Fabrication of polymer electrolyte via lithium salt-induced surface-initiated radical polymerization for lithium metal batteries

The fabrication of flexible polymer electrolytes (PEs) which possess simultaneously high thermal stability, robust mechanical strength, and high ionic conductivity is very challenging for lithium (Li) batteries. Herein, cellulose-based PE is fabricated via a Li salt-induced surface-initiated radical polymerization of polyethylene glycol methyl ether acrylate (PEGA). The polymerization of PEGA is catalyzed by various Li salts, such as Li perchlorate (LiClO4), bis(trifluoromethane)sulfonimide Li (LiTFSI), Li difluoro(oxalato)borate (LiDFOB), and LiClO4/LiD-FOB, which also serve as charge transfer carriers in PEs.
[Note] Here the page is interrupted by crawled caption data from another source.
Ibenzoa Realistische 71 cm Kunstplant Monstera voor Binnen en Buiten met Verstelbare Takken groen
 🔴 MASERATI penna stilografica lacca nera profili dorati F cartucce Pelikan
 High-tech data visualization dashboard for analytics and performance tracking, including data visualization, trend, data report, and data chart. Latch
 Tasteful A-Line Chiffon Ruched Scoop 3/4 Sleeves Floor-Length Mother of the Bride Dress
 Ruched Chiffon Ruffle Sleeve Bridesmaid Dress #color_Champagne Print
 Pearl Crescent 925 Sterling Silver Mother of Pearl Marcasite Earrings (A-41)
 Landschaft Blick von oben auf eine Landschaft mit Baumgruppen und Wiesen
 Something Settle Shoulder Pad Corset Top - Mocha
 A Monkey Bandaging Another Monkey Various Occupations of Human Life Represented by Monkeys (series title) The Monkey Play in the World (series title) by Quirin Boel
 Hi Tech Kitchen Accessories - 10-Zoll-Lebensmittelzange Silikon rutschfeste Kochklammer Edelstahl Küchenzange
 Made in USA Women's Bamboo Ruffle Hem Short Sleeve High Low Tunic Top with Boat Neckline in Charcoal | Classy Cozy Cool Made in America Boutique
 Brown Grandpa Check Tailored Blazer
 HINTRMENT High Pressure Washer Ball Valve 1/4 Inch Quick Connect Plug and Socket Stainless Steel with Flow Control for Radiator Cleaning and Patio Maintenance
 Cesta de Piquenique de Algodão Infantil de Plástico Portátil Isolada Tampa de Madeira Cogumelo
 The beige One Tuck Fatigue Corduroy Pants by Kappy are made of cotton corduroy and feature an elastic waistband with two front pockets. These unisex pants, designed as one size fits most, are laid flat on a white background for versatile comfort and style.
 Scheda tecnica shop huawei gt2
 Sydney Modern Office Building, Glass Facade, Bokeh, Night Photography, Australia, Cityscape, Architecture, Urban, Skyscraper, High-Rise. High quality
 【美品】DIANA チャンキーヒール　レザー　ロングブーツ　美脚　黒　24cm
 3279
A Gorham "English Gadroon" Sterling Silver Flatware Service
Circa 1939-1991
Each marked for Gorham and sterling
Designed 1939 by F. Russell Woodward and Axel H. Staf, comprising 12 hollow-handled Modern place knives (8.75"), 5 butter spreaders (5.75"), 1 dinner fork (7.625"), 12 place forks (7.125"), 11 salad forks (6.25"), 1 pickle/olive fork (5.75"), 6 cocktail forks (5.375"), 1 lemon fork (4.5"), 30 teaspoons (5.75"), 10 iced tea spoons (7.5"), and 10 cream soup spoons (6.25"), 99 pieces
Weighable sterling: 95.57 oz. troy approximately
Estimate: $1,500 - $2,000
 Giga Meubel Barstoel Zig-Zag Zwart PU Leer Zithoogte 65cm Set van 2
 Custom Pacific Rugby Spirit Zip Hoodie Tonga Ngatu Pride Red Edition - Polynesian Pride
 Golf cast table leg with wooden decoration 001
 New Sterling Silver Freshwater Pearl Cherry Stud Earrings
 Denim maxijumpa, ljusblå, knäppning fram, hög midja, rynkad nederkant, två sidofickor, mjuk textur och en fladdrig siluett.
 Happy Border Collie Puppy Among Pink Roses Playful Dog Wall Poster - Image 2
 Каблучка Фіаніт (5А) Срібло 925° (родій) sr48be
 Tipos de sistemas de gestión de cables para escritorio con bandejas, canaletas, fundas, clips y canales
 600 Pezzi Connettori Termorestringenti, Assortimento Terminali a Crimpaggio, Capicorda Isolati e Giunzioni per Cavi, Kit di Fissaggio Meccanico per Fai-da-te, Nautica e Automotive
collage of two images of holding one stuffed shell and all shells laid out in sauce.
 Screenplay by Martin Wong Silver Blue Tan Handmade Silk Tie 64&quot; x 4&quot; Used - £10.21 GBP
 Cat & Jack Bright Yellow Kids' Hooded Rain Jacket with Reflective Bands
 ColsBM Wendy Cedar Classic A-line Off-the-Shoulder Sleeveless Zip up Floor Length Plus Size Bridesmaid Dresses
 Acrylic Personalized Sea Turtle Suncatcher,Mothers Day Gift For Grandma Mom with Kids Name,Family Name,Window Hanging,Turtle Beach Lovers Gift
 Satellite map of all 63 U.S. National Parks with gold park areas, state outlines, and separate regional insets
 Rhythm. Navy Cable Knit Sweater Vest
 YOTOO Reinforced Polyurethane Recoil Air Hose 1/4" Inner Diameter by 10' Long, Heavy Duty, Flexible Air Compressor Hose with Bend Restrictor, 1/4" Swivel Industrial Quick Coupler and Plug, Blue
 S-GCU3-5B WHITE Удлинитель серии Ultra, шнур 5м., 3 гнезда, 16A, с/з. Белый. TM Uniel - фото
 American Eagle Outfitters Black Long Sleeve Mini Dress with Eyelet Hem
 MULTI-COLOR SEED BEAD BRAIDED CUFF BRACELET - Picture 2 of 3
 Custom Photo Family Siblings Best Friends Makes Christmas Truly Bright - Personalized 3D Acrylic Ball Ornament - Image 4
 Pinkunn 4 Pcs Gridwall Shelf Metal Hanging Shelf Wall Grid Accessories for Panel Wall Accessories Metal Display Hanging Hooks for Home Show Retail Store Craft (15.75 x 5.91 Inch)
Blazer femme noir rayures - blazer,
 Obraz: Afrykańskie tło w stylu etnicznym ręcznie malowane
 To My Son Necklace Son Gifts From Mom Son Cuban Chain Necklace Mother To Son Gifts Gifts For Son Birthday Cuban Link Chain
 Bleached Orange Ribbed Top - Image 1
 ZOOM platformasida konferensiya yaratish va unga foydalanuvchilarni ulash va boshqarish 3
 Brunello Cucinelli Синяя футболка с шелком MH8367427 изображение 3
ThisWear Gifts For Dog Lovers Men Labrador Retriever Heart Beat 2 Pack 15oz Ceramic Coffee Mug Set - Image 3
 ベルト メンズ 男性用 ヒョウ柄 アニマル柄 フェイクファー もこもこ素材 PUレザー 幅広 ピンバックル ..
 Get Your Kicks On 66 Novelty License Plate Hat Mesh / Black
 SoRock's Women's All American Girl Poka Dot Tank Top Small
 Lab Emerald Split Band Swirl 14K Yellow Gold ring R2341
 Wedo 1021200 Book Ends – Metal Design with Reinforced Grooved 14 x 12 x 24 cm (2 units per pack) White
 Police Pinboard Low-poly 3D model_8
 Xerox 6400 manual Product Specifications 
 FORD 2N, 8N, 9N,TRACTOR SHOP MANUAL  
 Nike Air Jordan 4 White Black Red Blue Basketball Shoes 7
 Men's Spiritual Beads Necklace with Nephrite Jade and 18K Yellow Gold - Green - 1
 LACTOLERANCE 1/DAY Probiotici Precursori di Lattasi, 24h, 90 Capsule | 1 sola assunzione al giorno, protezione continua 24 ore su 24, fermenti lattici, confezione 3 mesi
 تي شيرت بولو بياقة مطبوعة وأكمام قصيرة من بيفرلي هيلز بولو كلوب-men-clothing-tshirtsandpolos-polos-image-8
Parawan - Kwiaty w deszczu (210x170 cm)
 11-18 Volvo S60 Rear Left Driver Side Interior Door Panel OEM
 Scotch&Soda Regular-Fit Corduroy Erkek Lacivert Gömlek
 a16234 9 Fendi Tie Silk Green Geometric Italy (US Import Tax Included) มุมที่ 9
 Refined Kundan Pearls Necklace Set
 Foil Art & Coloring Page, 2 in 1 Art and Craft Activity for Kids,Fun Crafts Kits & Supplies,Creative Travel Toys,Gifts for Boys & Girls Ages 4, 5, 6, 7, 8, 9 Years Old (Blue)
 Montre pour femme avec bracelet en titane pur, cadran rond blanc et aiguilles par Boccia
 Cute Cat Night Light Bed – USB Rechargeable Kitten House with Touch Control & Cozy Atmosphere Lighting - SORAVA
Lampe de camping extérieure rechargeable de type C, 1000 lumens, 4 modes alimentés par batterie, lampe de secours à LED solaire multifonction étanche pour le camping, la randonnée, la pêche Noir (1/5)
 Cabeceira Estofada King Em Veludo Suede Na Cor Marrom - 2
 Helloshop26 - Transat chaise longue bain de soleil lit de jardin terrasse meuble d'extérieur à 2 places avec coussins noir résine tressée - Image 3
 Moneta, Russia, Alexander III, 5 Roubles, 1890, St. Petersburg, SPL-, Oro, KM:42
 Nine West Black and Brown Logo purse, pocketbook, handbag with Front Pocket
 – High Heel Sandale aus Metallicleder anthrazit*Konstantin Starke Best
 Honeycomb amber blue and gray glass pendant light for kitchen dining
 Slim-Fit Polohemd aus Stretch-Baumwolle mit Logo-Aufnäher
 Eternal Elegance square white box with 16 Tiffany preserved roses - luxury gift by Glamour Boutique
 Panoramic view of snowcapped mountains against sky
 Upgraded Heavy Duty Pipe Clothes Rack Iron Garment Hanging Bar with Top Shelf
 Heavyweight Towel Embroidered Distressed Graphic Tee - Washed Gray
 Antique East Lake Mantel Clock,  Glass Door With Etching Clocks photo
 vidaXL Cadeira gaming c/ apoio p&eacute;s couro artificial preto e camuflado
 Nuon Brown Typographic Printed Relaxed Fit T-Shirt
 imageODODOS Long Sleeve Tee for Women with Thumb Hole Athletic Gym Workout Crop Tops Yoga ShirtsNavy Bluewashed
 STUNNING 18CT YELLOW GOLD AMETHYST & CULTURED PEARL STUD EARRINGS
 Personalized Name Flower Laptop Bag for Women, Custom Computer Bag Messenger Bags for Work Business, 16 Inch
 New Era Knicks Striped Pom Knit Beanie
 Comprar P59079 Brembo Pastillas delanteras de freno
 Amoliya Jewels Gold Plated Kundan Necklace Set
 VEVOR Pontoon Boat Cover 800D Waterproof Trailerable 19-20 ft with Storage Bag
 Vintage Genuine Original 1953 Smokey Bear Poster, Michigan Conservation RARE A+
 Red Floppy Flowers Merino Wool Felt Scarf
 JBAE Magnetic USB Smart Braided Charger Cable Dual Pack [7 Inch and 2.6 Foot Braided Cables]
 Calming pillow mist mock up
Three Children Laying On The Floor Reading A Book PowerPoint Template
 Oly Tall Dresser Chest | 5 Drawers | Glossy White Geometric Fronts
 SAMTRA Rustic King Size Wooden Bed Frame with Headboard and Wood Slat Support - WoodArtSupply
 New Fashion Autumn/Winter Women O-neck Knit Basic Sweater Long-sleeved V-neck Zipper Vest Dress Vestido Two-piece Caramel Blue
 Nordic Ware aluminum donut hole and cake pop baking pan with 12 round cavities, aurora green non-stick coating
The Li salt can be used as the catalyst to promote the cleavage of C?Br bond on the surface of Br-modified cellulose, and then initiate the polymerization of PEGA. The PE obtained from the dual salt (LiClO4/LiDFOB)-induced radical polymerization system exhibits high ionic conductivity of 3.5 x 10(-5) S cm(-1) at 30 degrees C, good thermal stability (up to 240 degrees C), and wide electrochemical stability window (5.0 V vs. Li/Li+). Moreover, Li/PE/Li symmetric cells show good interfacial stability between PE and Li foil and the assembled Li/PE/LiFePO4 cells possess 150 mA h g(-1) at 0.1C. Li salt-induced surface-initiated polymerization provides a simple and efficient method for fabricating PE for high-performance Li metal batteries (LMBs).

Automated summary

The cellulose-based polymer electrolyte fabricated through Li salt-induced surface-initiated polymerization shows high ionic conductivity, good thermal stability, and wide electrochemical stability window, demonstrating promising performance in high-performance Li metal batteries.